### Required action
All of the lines below need to be copied exactly, apart from the pictures.

***** Given entries

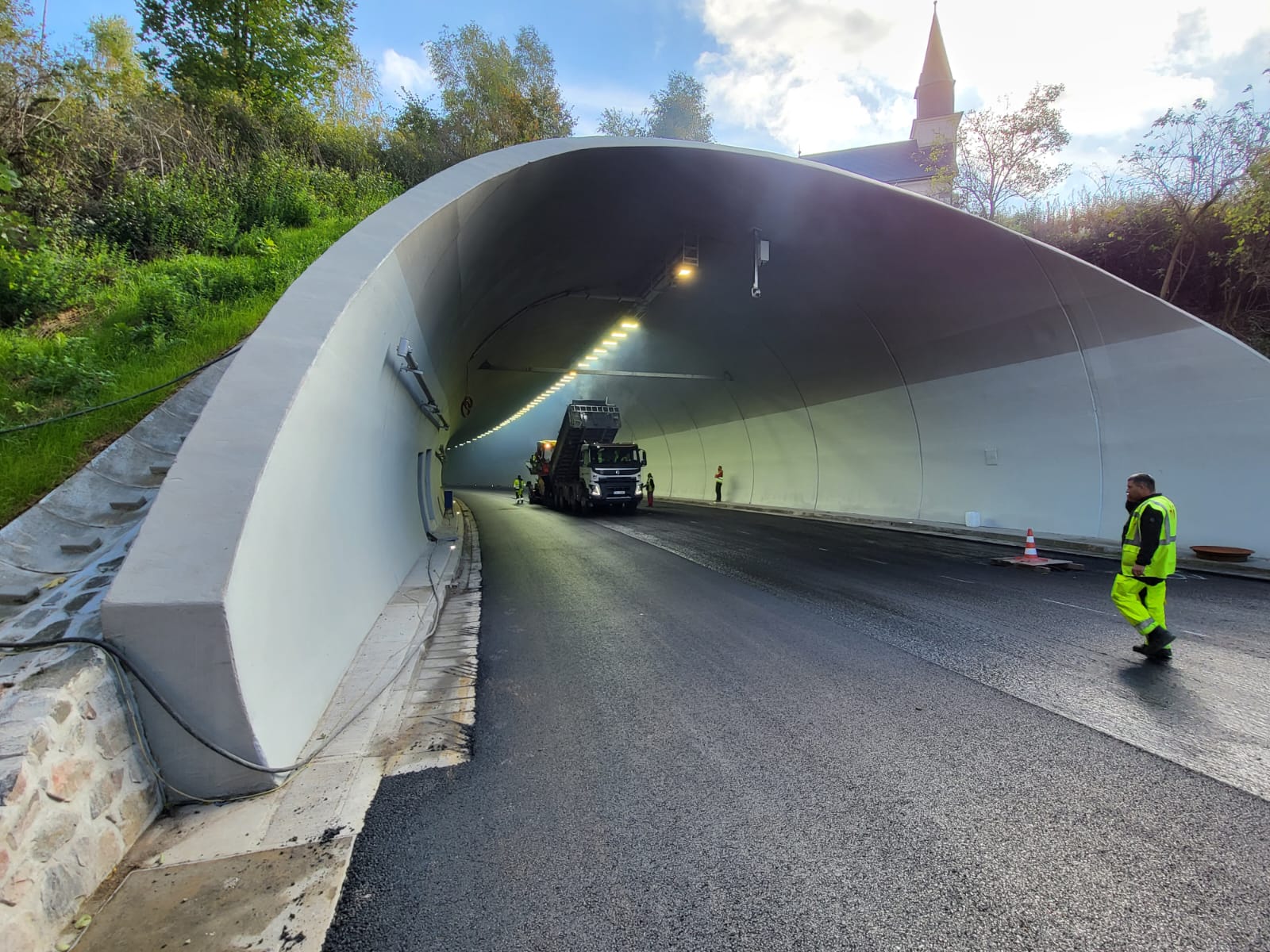Práce na opravě tunelu Hřebeč. Foto: ŘSD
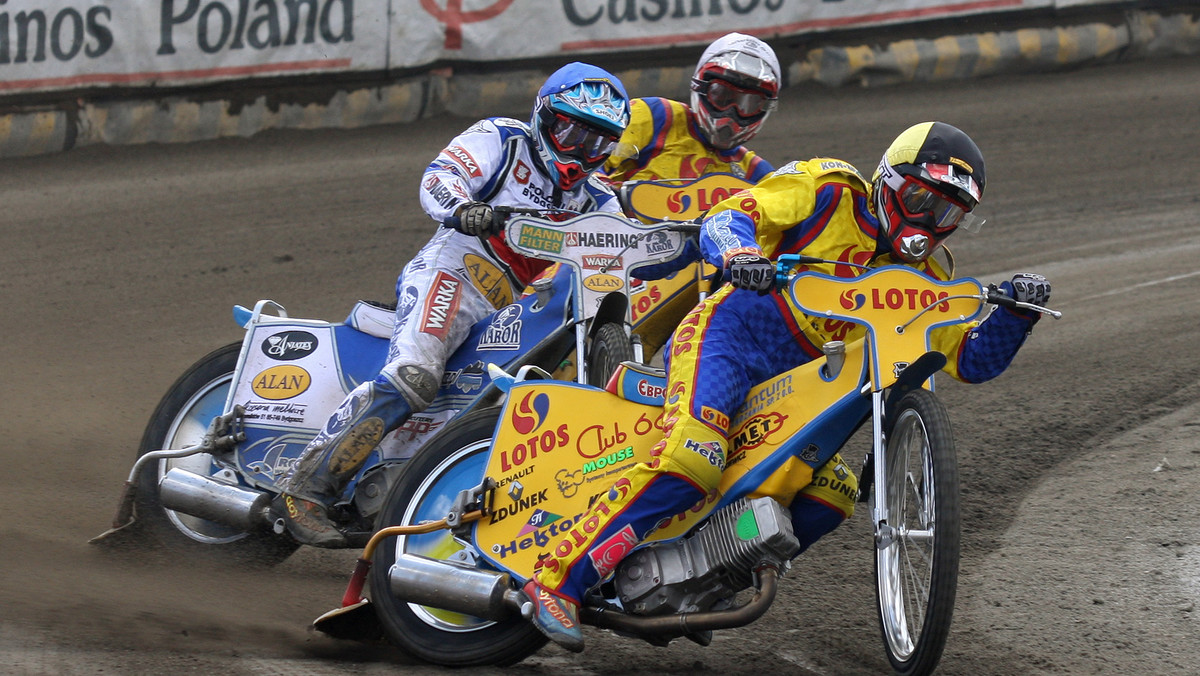 Żużlowcy Renault Zdunek Wybrzeże Gdańsk pokonali na wyjeździe Lokomotiv Daugavpils 56:34 w meczu 5. kolejki rundy finałowej 1. ligi żużlowej. Dzięki wygranej gdańszczanie objęli prowadzenie w tabeli.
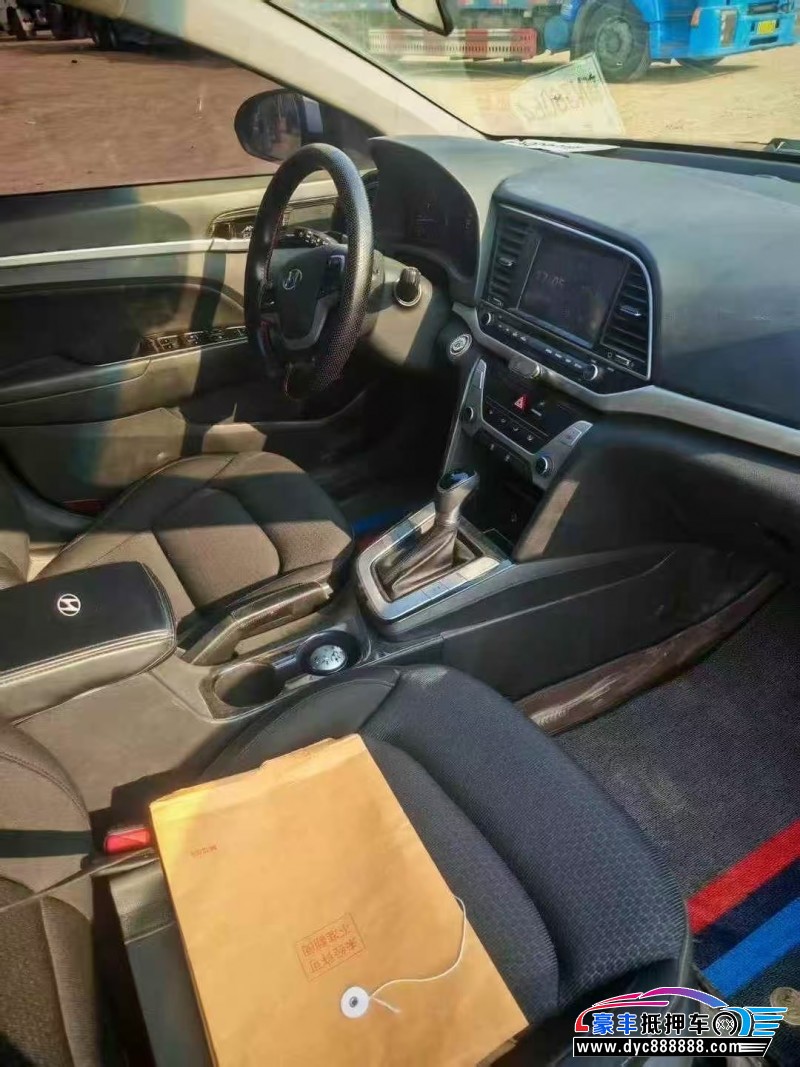 19年现代朗动轿车抵押车出售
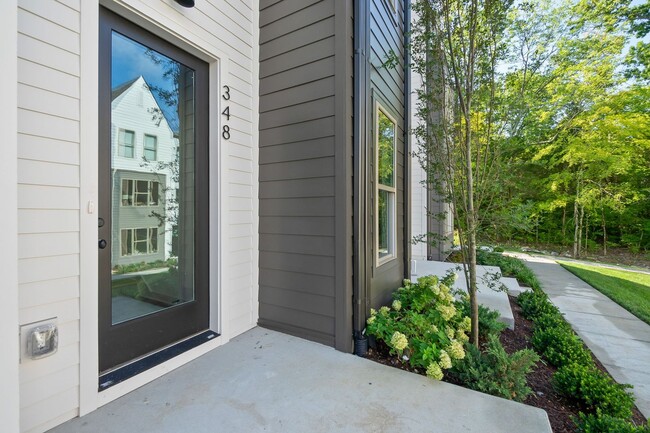 Foto del edificio - Sleek 2-Bedroom/2.5 Bath Townhome with Gar...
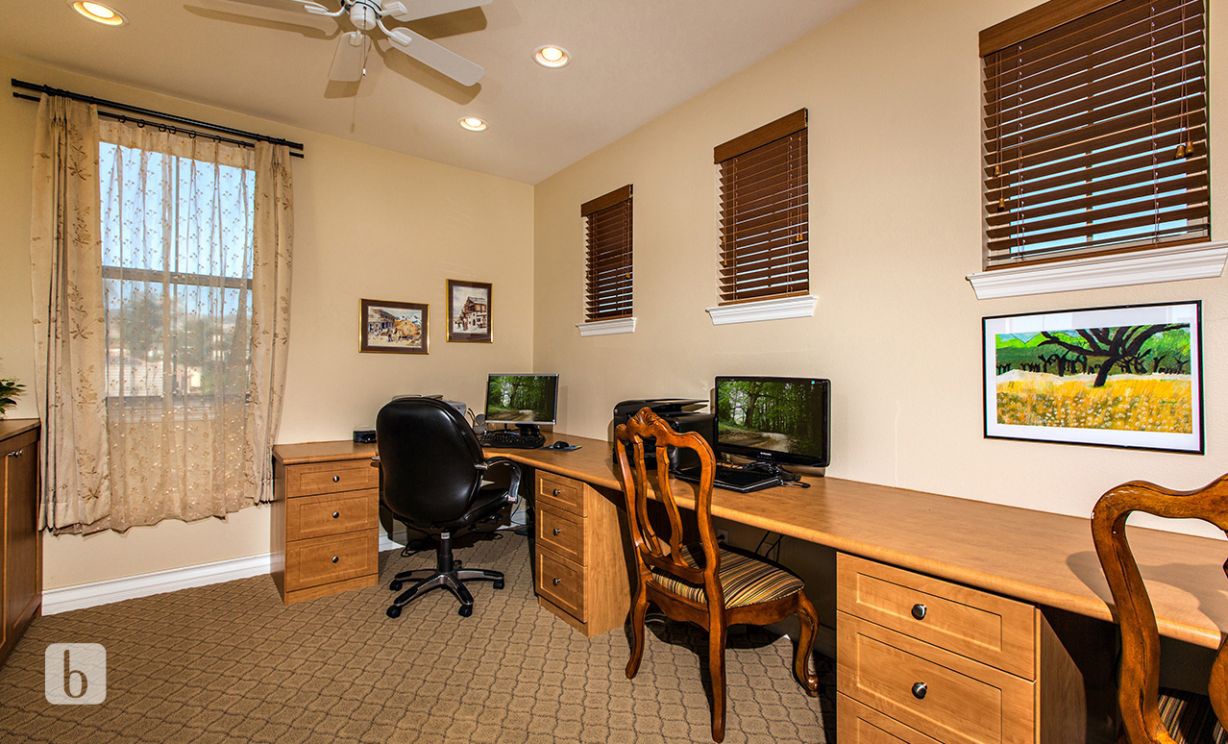 32   Bell Chime   , Irvine CA: 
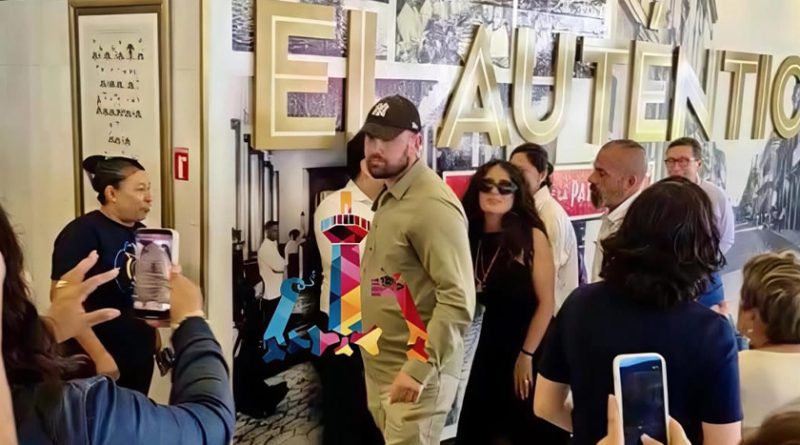 Sorprende Salma Hayek llegando al Café de La Parroquia en Veracruz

**********

### Exercise answer
Práce na opravě tunelu Hřebeč. Foto: ŘSD
 Żużlowcy Renault Zdunek Wybrzeże Gdańsk pokonali na wyjeździe Lokomotiv Daugavpils 56:34 w meczu 5. kolejki rundy finałowej 1. ligi żużlowej. Dzięki wygranej gdańszczanie objęli prowadzenie w tabeli.
 19年现代朗动轿车抵押车出售
 Foto del edificio - Sleek 2-Bedroom/2.5 Bath Townhome with Gar...
 32   Bell Chime   , Irvine CA: 
 Sorprende Salma Hayek llegando al Café de La Parroquia en Veracruz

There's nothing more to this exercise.